Once you have found the line with "Dream Guidance Love" in the records below, retype it and every line after it to the end exactly, with no pictures and nothing more.

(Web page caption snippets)
⟨

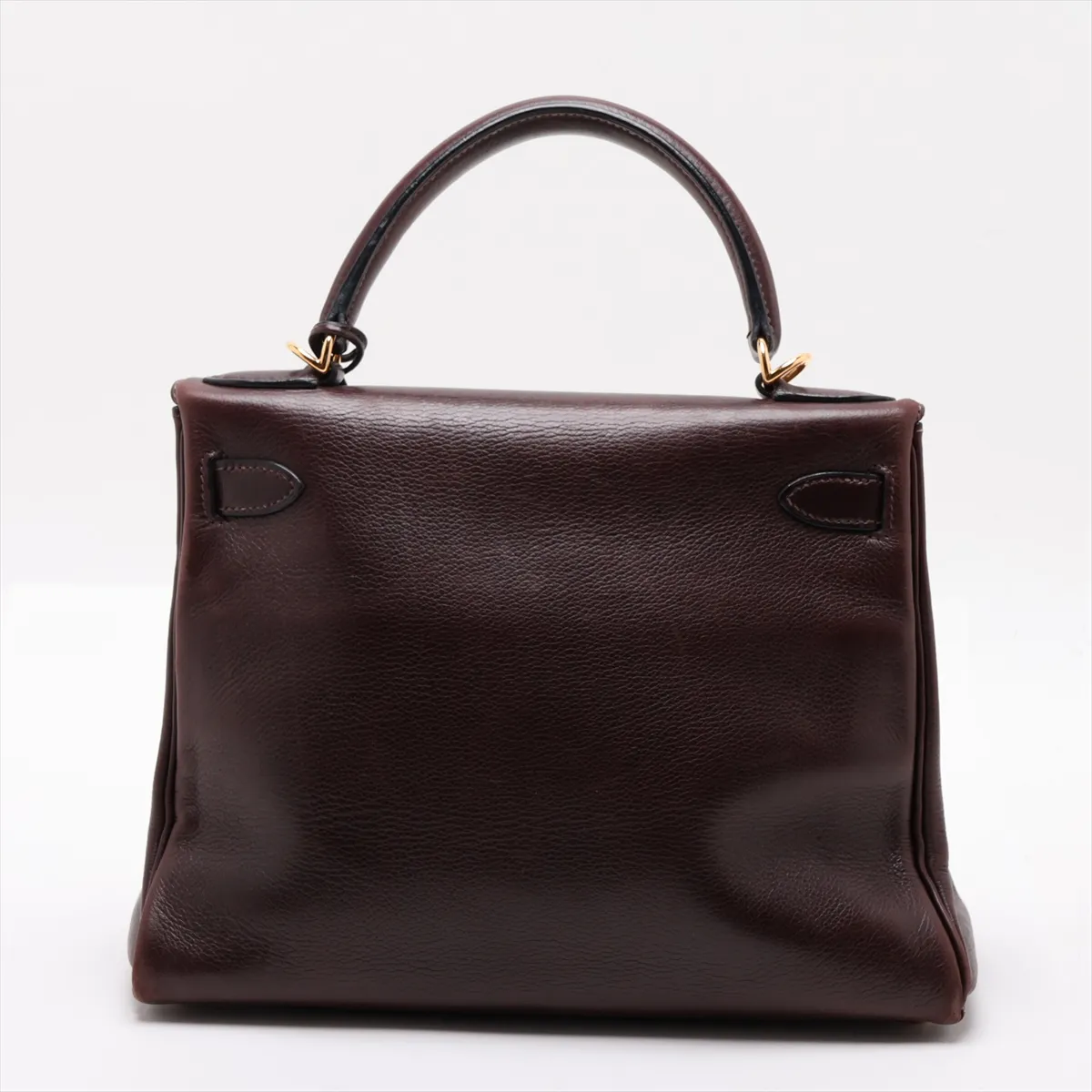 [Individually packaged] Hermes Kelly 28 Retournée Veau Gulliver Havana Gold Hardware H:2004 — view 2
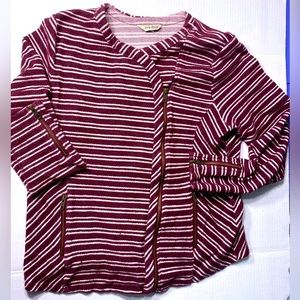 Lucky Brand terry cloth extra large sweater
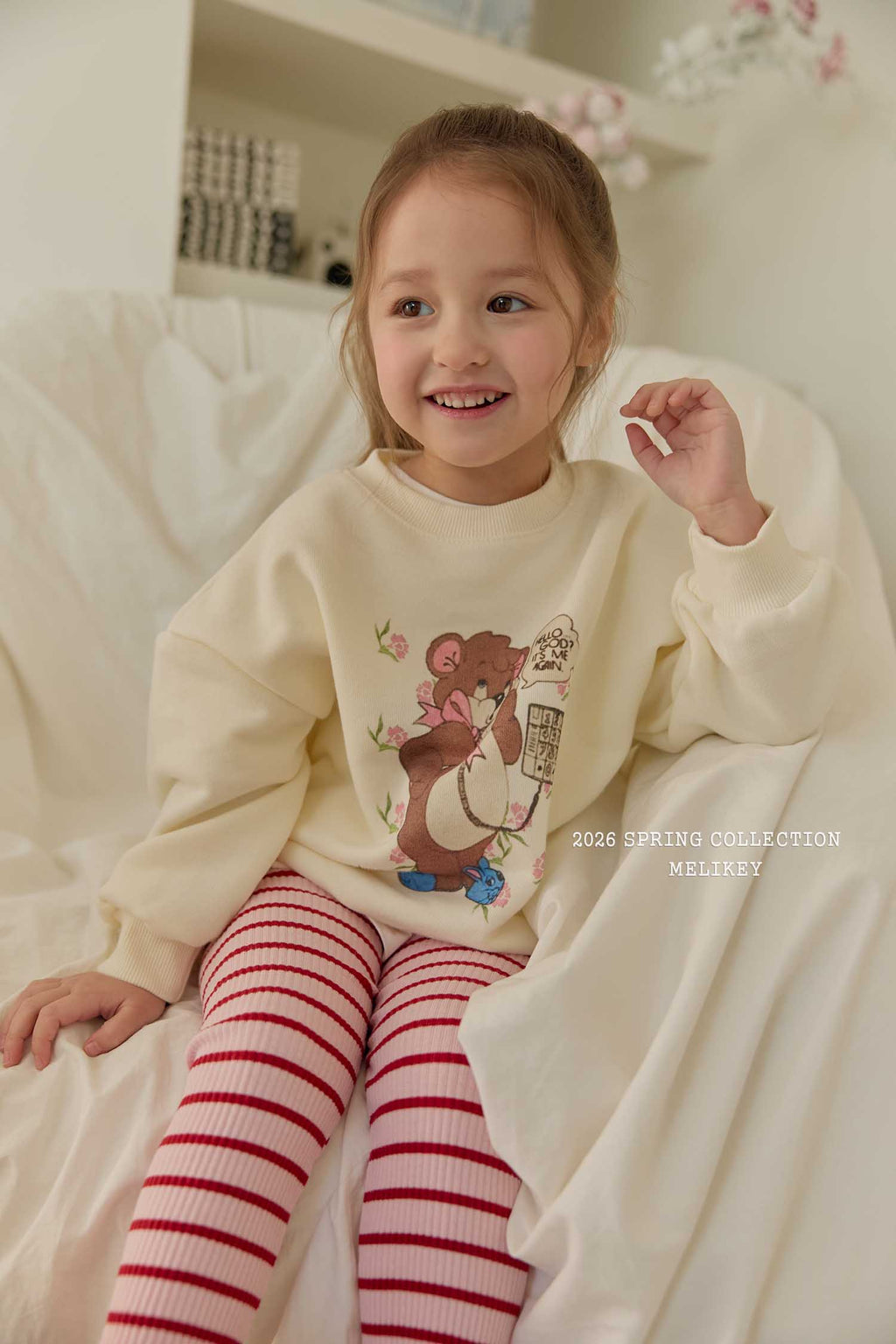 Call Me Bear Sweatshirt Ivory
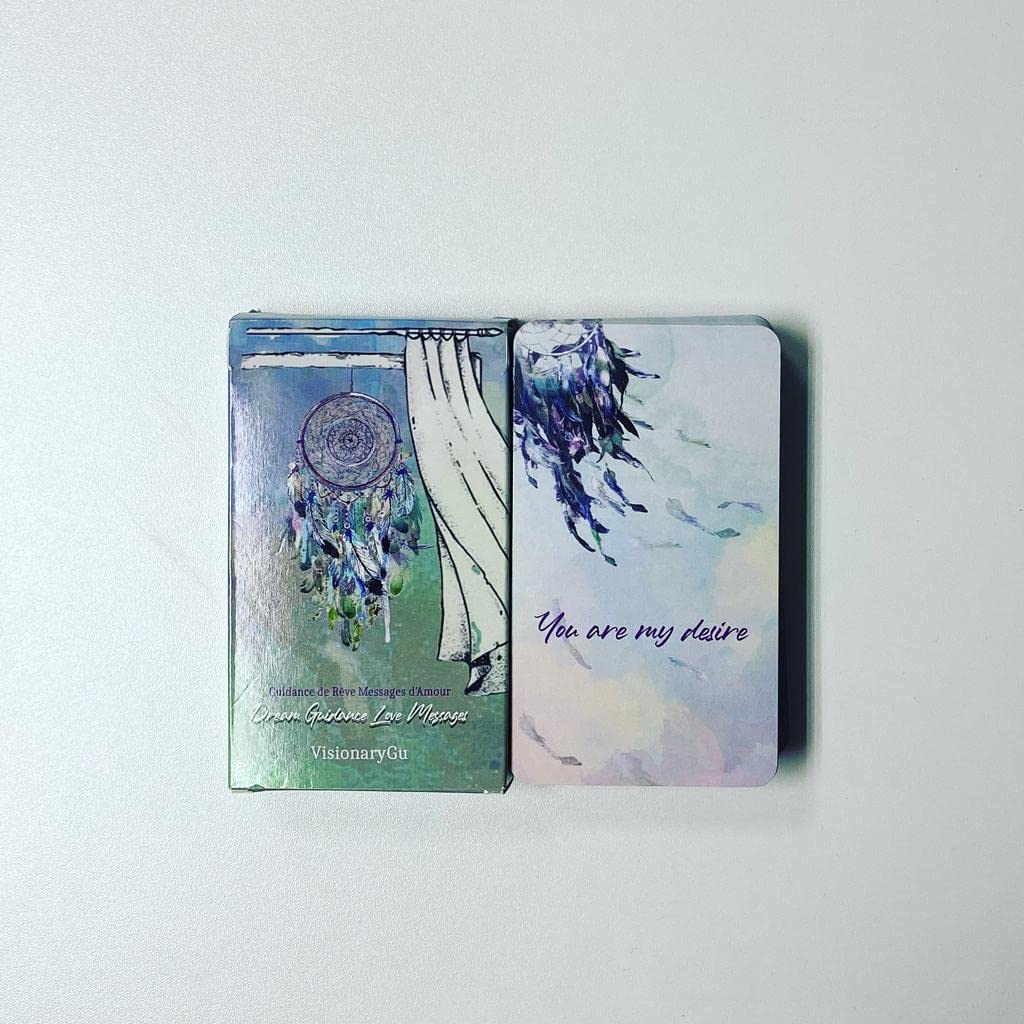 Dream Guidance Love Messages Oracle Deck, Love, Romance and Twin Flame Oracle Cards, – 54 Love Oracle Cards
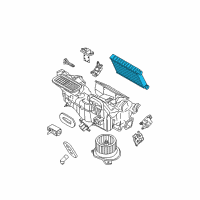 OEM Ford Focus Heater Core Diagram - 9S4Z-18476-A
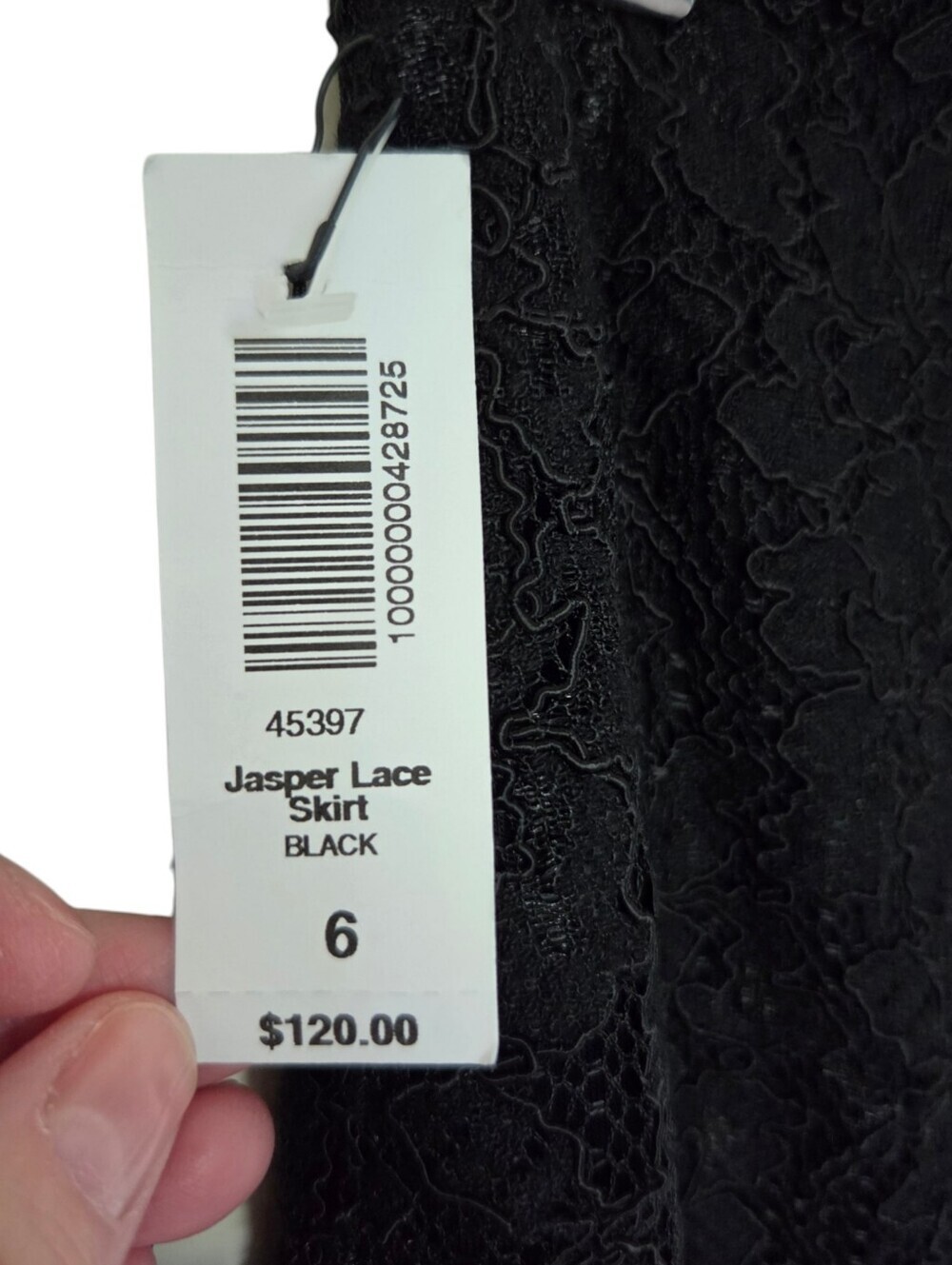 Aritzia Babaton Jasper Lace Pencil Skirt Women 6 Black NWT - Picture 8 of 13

⟩

Response area:
 Dream Guidance Love Messages Oracle Deck, Love, Romance and Twin Flame Oracle Cards, – 54 Love Oracle Cards
 OEM Ford Focus Heater Core Diagram - 9S4Z-18476-A
 Aritzia Babaton Jasper Lace Pencil Skirt Women 6 Black NWT - Picture 8 of 13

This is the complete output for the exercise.